Case Study 2 — The Analytics Query That Took Down Checkout

Running heavy analytics on the live transactional database isn't just slow — it can take down the application. A monster "executive dashboard" query competed with live orders for resources and locked the OLTP database during peak hours. The fix was to separate the workloads.

Background

An e-commerce company's executives wanted a live dashboard: revenue trends, top products, cohort analysis — all computed from the production orders/order_items tables. The BI tool ran these directly against the live OLTP database (the same one serving checkout). For a while it worked. Then the dashboards grew more ambitious (three-year trends, multi-dimensional breakdowns), and one morning the checkout API slowed to a crawl and started timing out during the daily traffic peak — exactly when executives were also refreshing their dashboards.

What went wrong: mixing OLTP and OLAP on one database

The dashboards' analytical queries (OLAP) and the application's transactions (OLTP) were competing for the same database's resources, and they have opposite profiles:

  • The dashboard queries scanned and aggregated millions of rows across many joins (the normalized OLTP schema made them join-heavy — Chapter 34). Each consumed huge amounts of CPU, memory (work_mem for sorts/hashes), and I/O, and ran for minutes.
  • Meanwhile, checkout needed many small, fast transactions with low latency.

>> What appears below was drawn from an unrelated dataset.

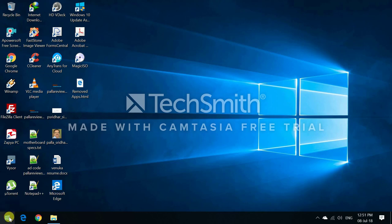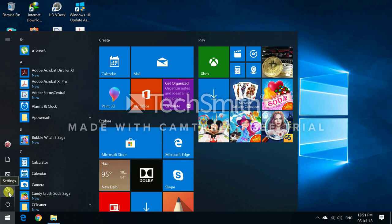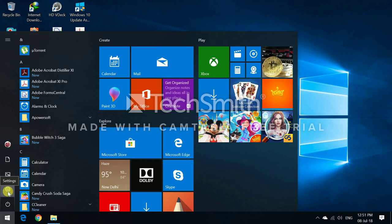First, go to the start button of Windows 10. Then you see a gear icon, which is the settings option in Windows 10.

When several heavy dashboard queries ran during peak, they saturated the database's resources and buffer cache (Chapter 28), starving the small transactional queries. Checkout transactions queued behind the analytics, latency spiked, and the customer-facing app degraded. The analytics workload was cannibalizing the transactional workload — on the same server, the big slow queries crowded out the small fast ones.

This is the fundamental reason warehouses exist (Chapter 34): OLAP and OLTP have conflicting needs and should not share one database under load.

The fix: separate the workloads

The team separated analytics from transactions, in stages:

1. Immediate relief — a read replica. They set up a streaming read replica (Chapter 28/35) of the production database and pointed the BI tool at the replica, not the primary. Analytical queries now ran against a copy, leaving the primary's resources for checkout. The replica stays nearly current via WAL replay, so dashboards saw fresh-enough data, and the production app was insulated.

2. Proper fix — a data warehouse. For the heavier analytics (multi-year, multi-dimensional), even a replica of the normalized schema was slow (join-heavy). They built a star-schema warehouse (Case Study 1), loaded nightly via ELT (Chapter 31). Dashboards queried the warehouse — denormalized and (in their cloud warehouse) columnar — so the big aggregations were both fast and completely isolated from the production database.

The result: checkout latency returned to normal (analytics no longer competed with it), and the dashboards got faster (the warehouse is built for exactly those queries). Each workload ran on infrastructure designed for it.

The analysis

  1. OLAP and OLTP don't belong on the same database under load. Their resource profiles conflict: huge slow aggregations vs. many small fast transactions. Run together at scale, the analytics starve the transactions — and the customer-facing app suffers. Separation isn't a nicety; it's why warehouses exist.

  2. A read replica is the quick win. Pointing reporting at a replica offloads analytical reads from the primary with minimal effort, insulating the production app. It's often the first step before a full warehouse.

  3. A warehouse is the proper fix for heavy analytics. A replica of the normalized schema is still join-heavy and row-oriented. A star-schema, columnar warehouse makes the analytics fast and isolated — purpose-built for the workload (Chapter 34).

  4. The symptom looked like a database problem; the cause was a workload-mixing problem. Checkout slowness during dashboard-refresh peaks pointed at resource contention between two incompatible workloads — diagnosed by noticing what else was running, not just the slow query itself.

  5. Right tool, right workload — across systems. Just as you pick the right index or the right NoSQL store, you separate analytical and transactional workloads onto systems designed for each. It's the same judgment at the architecture level.

Discussion questions

  1. Why do OLAP and OLTP workloads conflict when sharing one database?
  2. How did the dashboard queries starve the checkout transactions (think resources/cache)?
  3. What does a read replica fix immediately, and what does it not fix for heavy analytics?
  4. Why is a star-schema columnar warehouse better than a replica of the normalized schema for big analytics?
  5. ⭐ The slowness only appeared at peak. How would you diagnose "checkout is slow" to discover it was analytics contention?